Si les deux premiers numéros avaient pour thème l’intimité et l’exploration des territoires du désir, le troisième opus décline une passionnante odyssée dans les constellations afro-futuristes accompagnées par les somptueux collages de Wangechu Mutu. Le désir d’influer sur les sociétés est présent de bout en bout. Le quatrième numéro se penche sur la question récurrente de la langue. Et le dernier numéro est un dossier pratique qui fait suite à l’examen de la question linguistique.
Un récit du grand écrivain kenyan Ngugi wa Thiong’o, « Ituika ria murungaru : kana kiria gitumaga andu mathii marungii », écrit en kikuyu et traduit par l’auteur en anglais (« The Upright Revolution : or why humans walk upright ») a donné naissance à trente-trois récits en langues africaines dont l’amharique, le kamba, le kinyarwanda, l’arabe, le luganda, le swahili, l’afrikaans, le somali (ma langue maternelle), le hausa, le meru, le lingala, le zoulou, l’igbo, l’ibibio, le ndebele, le tsonga, le sheng (argot populaire de Nairobi), le kalenjin, le rukiga, le bambara, le giriama, le shona, l’éwé, le pidgin du Nigeria sans oublier le français et l’anglais. Les deux dernières langues, bien que d’origine étrangère, sont désormais africaines. Elles ont aussi l’avantage de servir de passerelle, les traducteurs ayant recours à l’une ou à l’autre. Sauf dans un cas où l’arabe a servi de relais. Qu’elles concernent un petit bassin linguistique comme le marakwet et le rukiga (appelé aussi chiga) ou qu’elles englobent des millions de locuteurs comme le swahili ou le hausa, qu’elles soient traditionnelles ou exclusivement urbaines comme le sheng et le pidgin de Lagos, toutes ces langues méritent une dignité littéraire.

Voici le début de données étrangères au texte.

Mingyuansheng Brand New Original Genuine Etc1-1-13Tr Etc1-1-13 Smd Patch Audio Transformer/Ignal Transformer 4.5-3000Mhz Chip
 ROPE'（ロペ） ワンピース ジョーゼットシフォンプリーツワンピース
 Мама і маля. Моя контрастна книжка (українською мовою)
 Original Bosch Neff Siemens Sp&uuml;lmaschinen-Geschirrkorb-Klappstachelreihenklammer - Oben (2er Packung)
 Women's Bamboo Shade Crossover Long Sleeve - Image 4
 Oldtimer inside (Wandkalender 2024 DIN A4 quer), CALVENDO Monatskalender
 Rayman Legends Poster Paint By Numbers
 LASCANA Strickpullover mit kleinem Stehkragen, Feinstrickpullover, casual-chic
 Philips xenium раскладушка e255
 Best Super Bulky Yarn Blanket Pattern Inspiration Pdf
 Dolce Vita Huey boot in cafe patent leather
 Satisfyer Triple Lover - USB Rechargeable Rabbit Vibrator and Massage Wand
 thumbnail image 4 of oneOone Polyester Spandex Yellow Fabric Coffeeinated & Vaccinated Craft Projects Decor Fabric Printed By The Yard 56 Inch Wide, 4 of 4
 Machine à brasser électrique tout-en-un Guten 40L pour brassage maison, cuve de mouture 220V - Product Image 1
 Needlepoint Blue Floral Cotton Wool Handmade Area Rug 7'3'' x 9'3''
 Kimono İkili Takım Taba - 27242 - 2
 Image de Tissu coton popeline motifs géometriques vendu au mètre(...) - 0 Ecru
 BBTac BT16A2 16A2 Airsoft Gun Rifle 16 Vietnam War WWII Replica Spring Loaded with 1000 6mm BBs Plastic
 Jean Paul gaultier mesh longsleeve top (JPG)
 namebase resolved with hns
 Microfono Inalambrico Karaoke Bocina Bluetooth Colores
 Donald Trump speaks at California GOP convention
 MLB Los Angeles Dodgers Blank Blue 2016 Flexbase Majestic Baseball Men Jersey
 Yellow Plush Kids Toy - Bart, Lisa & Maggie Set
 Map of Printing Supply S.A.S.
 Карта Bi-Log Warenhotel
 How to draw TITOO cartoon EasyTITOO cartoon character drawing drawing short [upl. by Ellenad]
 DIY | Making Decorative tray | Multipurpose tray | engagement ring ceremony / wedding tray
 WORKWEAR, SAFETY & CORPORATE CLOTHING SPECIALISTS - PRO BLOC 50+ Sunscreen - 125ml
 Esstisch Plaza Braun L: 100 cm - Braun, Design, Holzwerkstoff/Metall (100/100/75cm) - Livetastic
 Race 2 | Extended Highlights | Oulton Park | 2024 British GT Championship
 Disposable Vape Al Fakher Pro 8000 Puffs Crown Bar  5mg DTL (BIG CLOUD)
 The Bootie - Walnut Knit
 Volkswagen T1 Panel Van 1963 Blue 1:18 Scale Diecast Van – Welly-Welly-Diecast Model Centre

C’est le but de ce numéro qui donne forme au combat mené depuis des décennies par le chantre Ngugi wa Thiong’o. De la rencontre fertile entre ces langues et leurs imaginaires sortiront des potentialités inédites, pleinement africaines. De quoi assouvir nos faims et nos soifs d’aujourd’hui et de demain.
Abdourahman A. Waberi est né en 1965 dans l’actuelle République de Djibouti. Il vit entre Paris et les Etats-Unis, où il a enseigné les littératures francophones aux Claremont Colleges (Californie). Il est aujourd’hui professeur à George-Washington University. Auteur, entre autres, d’Aux Etats-Unis d’Afrique (J.-C. Lattès, 2006), il a publié en 2015 La Divine Chanson (éd. Zulma).